What to work on: Copy exactly the stretch of data below from the line with "Eustachian Tube Unclogger" through the line with "Resim Stilla Kokteyl", including both of those lines.

The input:
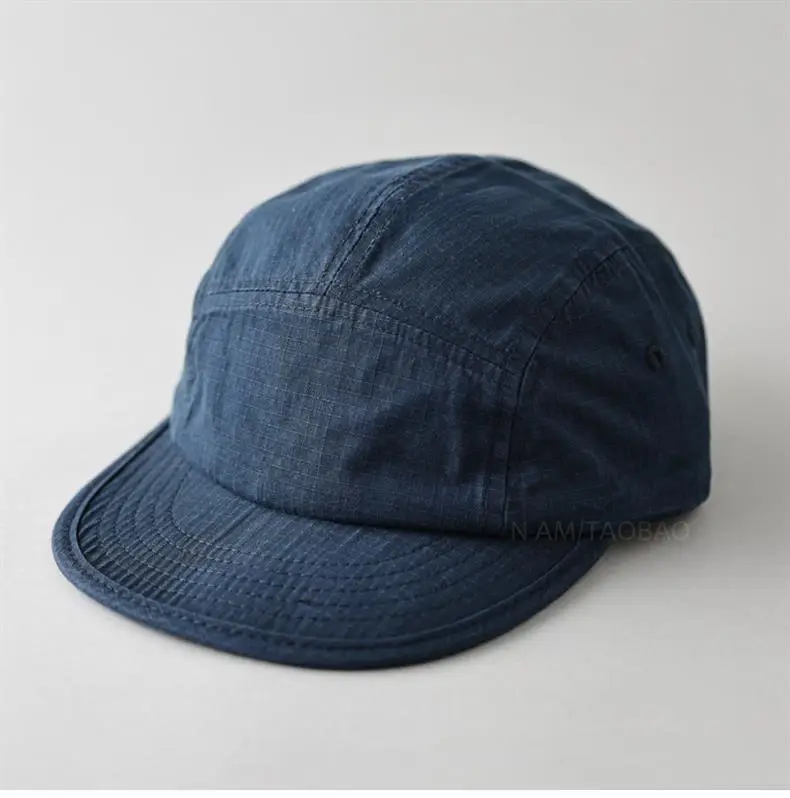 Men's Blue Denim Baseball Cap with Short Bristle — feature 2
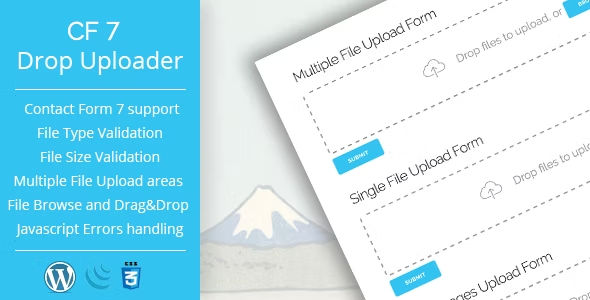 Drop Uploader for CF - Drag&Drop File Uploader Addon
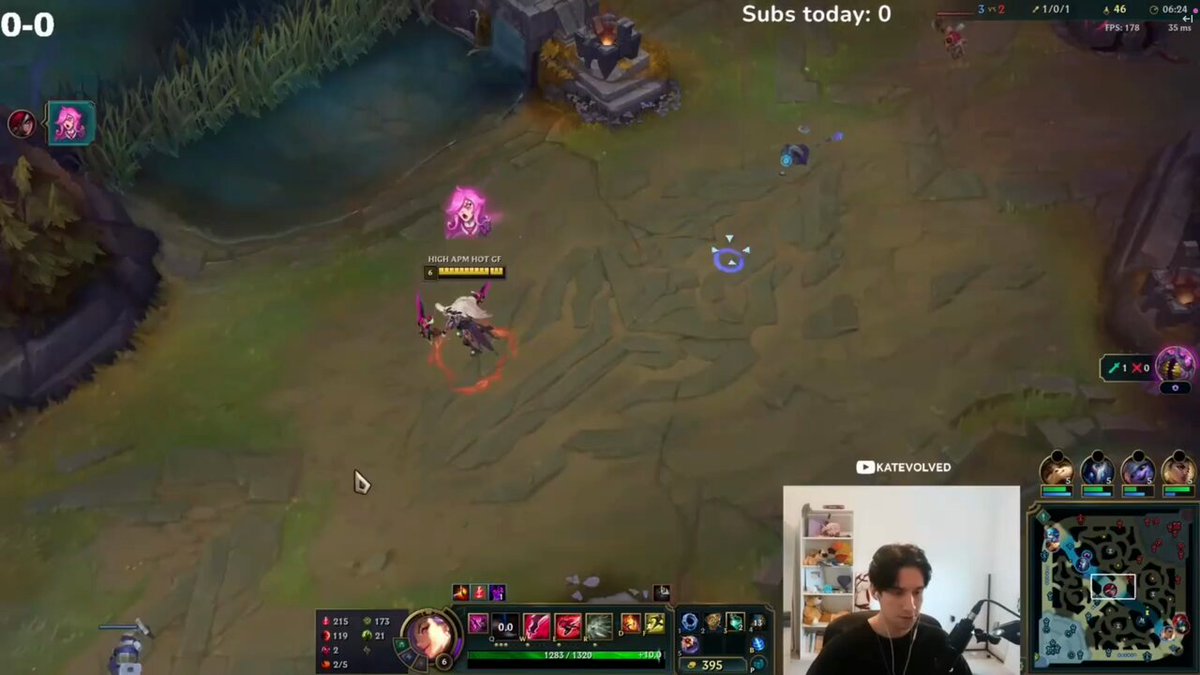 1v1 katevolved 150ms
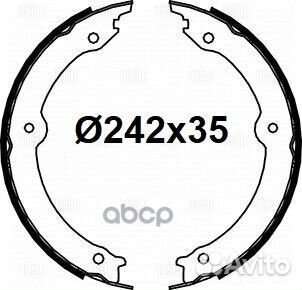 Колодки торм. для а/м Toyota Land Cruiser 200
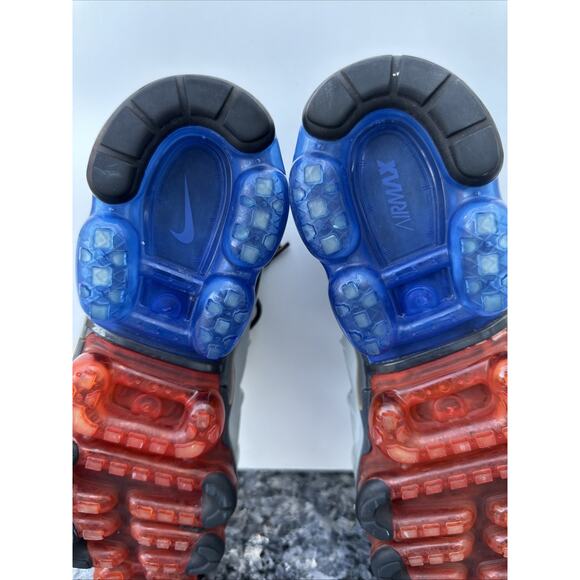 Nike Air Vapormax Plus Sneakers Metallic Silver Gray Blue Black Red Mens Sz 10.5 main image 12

* * *

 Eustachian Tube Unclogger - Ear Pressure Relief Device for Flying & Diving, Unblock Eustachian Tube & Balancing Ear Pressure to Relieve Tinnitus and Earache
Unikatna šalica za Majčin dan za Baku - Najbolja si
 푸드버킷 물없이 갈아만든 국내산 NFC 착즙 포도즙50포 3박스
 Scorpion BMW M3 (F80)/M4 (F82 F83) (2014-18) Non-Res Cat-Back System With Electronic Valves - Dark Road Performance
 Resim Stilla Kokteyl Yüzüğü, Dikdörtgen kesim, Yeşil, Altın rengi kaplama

---

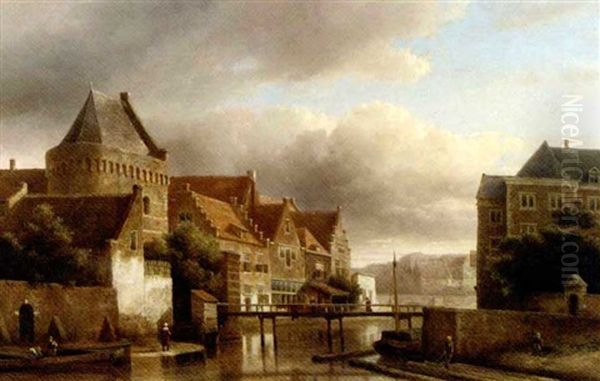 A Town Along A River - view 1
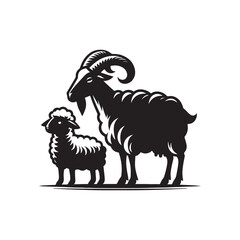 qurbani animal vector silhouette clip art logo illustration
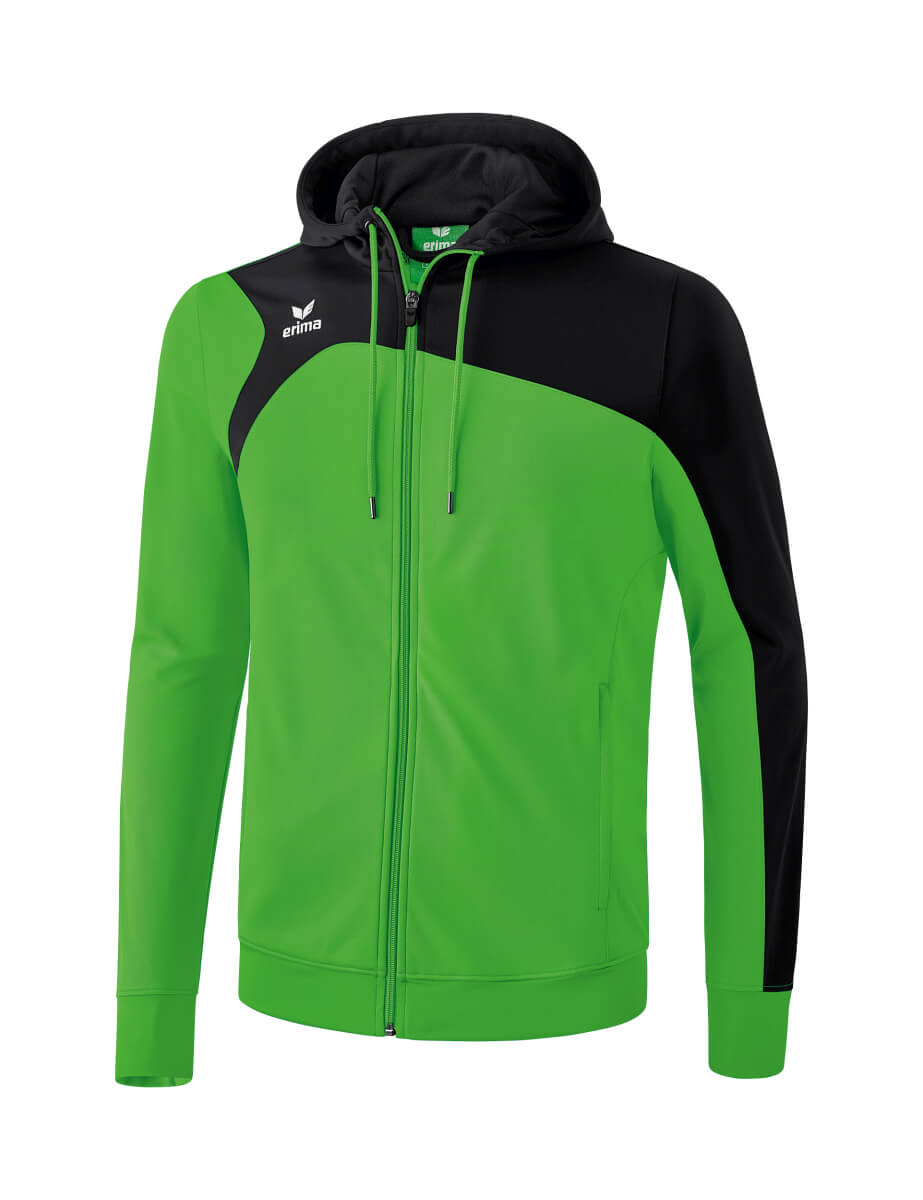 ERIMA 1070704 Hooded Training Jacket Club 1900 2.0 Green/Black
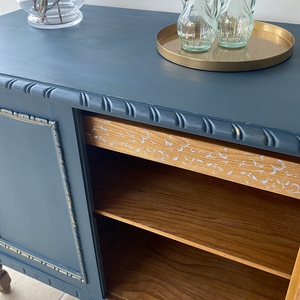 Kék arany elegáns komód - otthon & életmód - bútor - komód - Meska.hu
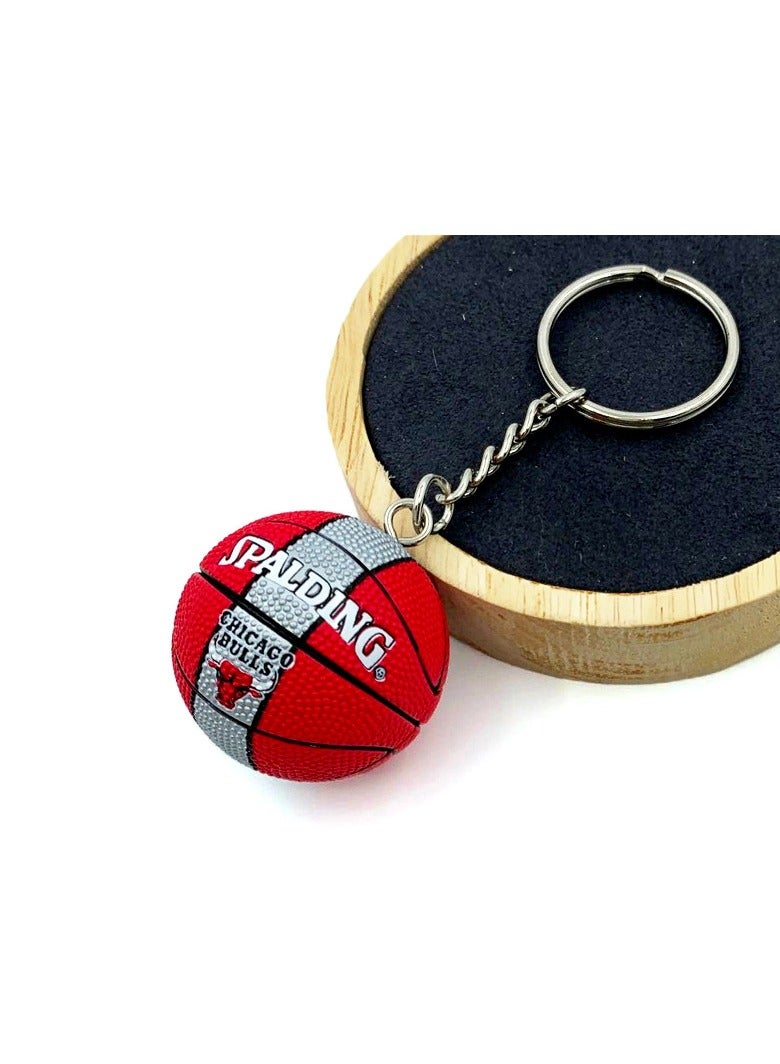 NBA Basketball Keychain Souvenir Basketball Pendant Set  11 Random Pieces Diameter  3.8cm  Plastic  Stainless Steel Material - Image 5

Answer:
 Eustachian Tube Unclogger - Ear Pressure Relief Device for Flying & Diving, Unblock Eustachian Tube & Balancing Ear Pressure to Relieve Tinnitus and Earache
Unikatna šalica za Majčin dan za Baku - Najbolja si
 푸드버킷 물없이 갈아만든 국내산 NFC 착즙 포도즙50포 3박스
 Scorpion BMW M3 (F80)/M4 (F82 F83) (2014-18) Non-Res Cat-Back System With Electronic Valves - Dark Road Performance
 Resim Stilla Kokteyl Yüzüğü, Dikdörtgen kesim, Yeşil, Altın rengi kaplama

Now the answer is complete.